## Problem details
From the listing below, restate word for word the lines from the line containing "Assalamualaikum everyone, welcome" down through the line containing "Step 3: Your". Exclude pictures.

## Data provided
****************
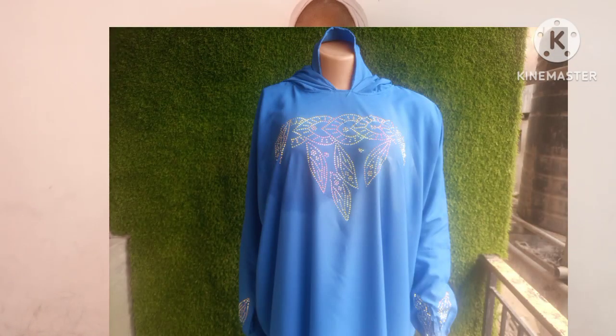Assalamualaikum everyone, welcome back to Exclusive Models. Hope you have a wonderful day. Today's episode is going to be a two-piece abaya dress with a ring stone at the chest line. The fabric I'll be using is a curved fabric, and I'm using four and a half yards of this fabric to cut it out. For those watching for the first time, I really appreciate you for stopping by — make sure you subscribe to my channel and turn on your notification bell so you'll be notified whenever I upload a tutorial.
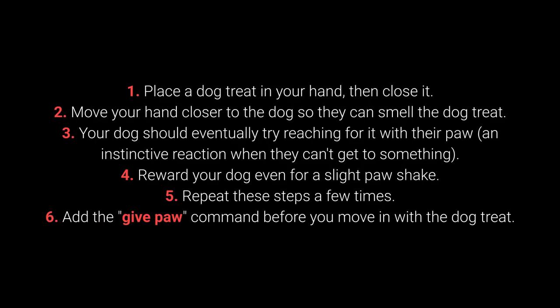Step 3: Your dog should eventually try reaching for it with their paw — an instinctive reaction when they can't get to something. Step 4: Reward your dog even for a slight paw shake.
****************
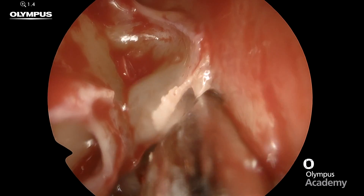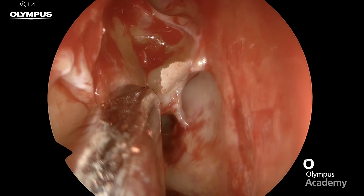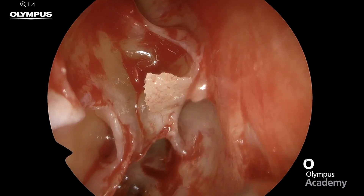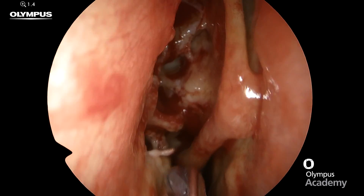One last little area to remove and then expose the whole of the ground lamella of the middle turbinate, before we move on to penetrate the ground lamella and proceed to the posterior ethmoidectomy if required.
****************
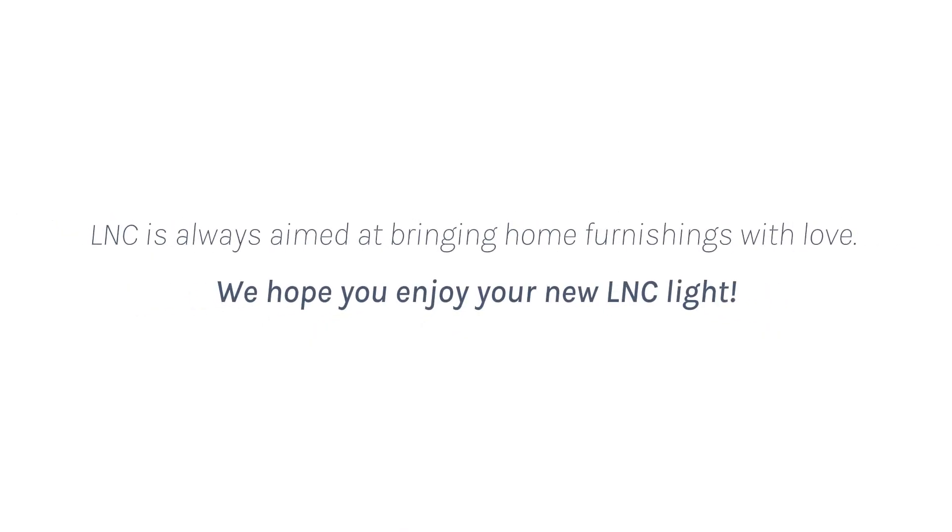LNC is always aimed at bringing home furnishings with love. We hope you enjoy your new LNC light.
****************
## Solution to this problem
Assalamualaikum everyone, welcome back to Exclusive Models. Hope you have a wonderful day. Today's episode is going to be a two-piece abaya dress with a ring stone at the chest line. The fabric I'll be using is a curved fabric, and I'm using four and a half yards of this fabric to cut it out. For those watching for the first time, I really appreciate you for stopping by — make sure you subscribe to my channel and turn on your notification bell so you'll be notified whenever I upload a tutorial.
Step 3: Your dog should eventually try reaching for it with their paw — an instinctive reaction when they can't get to something. Step 4: Reward your dog even for a slight paw shake.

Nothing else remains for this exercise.